Copy each line of the entries beneath that contains the word "Concept".

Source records
===============
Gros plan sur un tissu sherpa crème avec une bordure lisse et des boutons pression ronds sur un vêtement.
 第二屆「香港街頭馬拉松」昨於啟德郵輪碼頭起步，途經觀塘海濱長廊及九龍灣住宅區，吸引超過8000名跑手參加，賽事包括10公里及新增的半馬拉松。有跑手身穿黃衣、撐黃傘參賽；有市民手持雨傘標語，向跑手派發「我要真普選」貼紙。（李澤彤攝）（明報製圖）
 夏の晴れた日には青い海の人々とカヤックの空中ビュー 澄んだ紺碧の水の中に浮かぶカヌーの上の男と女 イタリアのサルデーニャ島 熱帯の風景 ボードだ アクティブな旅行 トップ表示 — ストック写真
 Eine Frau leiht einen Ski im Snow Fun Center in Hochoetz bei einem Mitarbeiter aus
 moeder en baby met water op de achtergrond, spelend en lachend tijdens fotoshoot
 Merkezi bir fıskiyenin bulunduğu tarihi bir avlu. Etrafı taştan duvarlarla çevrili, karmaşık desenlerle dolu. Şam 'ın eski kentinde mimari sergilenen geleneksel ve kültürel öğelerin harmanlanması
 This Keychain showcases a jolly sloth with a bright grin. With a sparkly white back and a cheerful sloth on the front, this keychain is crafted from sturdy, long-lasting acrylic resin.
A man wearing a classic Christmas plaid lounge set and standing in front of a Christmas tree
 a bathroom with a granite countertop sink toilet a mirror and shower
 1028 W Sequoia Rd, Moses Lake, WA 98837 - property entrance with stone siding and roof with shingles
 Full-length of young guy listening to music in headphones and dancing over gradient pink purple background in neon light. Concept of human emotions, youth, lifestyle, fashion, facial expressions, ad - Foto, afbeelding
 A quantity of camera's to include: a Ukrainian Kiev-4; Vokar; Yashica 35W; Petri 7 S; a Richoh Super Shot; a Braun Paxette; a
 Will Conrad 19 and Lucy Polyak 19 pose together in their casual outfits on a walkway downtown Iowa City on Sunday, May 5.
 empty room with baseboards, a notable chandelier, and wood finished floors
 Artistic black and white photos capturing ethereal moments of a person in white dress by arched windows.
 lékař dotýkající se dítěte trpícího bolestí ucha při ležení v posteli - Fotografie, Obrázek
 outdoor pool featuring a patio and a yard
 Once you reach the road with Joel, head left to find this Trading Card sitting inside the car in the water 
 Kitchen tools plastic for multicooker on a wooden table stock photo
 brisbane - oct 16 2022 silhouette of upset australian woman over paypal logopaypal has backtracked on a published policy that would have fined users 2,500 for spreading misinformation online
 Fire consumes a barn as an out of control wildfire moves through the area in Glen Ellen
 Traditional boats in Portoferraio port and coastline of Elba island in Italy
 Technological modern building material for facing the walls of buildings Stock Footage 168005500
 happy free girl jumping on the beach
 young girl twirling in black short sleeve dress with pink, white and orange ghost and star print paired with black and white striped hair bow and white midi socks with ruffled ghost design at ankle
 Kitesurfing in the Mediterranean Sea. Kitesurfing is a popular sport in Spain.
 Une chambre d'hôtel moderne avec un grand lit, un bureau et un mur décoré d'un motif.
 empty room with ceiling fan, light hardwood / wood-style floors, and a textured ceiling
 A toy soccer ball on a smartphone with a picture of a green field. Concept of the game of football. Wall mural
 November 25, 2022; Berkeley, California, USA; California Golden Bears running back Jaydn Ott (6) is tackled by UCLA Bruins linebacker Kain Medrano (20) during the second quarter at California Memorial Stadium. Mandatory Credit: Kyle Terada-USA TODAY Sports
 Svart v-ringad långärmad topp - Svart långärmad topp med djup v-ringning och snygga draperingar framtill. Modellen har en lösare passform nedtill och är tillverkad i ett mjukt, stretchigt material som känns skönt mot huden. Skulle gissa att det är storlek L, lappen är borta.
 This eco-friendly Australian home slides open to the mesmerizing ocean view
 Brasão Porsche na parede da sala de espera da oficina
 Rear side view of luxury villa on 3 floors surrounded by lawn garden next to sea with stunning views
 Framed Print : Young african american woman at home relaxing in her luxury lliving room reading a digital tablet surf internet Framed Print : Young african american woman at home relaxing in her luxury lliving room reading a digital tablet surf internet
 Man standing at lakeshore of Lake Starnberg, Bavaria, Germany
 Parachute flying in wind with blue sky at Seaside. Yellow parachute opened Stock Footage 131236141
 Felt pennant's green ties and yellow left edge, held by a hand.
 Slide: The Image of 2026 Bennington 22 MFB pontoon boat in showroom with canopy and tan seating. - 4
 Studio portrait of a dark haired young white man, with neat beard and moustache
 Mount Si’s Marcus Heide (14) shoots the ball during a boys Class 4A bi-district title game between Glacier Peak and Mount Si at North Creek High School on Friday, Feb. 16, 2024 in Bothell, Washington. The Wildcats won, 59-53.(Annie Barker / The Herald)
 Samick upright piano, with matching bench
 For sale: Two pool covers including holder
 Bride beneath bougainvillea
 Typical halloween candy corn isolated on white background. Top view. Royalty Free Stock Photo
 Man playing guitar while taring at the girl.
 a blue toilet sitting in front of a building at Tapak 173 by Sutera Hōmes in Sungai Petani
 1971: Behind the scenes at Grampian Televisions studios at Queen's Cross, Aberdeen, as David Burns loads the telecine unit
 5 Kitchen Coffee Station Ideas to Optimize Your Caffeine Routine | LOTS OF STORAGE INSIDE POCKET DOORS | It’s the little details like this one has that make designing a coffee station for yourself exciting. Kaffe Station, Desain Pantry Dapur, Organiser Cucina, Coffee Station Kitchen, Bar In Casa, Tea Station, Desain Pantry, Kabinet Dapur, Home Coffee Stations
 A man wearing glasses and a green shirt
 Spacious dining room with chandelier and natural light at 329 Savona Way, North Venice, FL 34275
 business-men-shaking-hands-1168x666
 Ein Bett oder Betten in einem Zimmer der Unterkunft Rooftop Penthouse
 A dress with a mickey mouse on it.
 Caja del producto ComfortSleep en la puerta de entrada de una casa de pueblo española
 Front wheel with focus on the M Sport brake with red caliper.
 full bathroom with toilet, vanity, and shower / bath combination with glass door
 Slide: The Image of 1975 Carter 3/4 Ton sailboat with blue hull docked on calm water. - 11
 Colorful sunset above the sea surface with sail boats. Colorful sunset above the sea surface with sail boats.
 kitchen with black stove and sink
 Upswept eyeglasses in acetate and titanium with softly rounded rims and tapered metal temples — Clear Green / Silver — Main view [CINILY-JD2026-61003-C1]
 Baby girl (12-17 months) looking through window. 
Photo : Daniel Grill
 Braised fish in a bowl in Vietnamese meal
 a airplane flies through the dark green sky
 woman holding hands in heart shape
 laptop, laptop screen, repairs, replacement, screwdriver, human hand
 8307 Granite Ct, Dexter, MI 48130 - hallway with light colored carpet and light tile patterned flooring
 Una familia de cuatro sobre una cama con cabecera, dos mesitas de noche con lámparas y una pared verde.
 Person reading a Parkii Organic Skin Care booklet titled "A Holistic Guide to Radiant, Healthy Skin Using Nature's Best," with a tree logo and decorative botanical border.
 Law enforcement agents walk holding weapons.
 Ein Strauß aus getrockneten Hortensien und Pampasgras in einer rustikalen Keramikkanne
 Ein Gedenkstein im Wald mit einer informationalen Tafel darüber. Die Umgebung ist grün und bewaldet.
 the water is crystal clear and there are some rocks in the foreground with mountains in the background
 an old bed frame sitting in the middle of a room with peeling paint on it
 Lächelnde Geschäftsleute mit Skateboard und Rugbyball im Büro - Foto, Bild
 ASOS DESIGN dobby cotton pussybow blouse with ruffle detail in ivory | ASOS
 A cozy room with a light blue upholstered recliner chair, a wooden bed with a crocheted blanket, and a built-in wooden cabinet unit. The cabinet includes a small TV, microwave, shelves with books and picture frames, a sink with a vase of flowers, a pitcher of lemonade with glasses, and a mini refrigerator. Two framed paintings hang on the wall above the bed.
===============
### Reply
 Full-length of young guy listening to music in headphones and dancing over gradient pink purple background in neon light. Concept of human emotions, youth, lifestyle, fashion, facial expressions, ad - Foto, afbeelding
 A toy soccer ball on a smartphone with a picture of a green field. Concept of the game of football. Wall mural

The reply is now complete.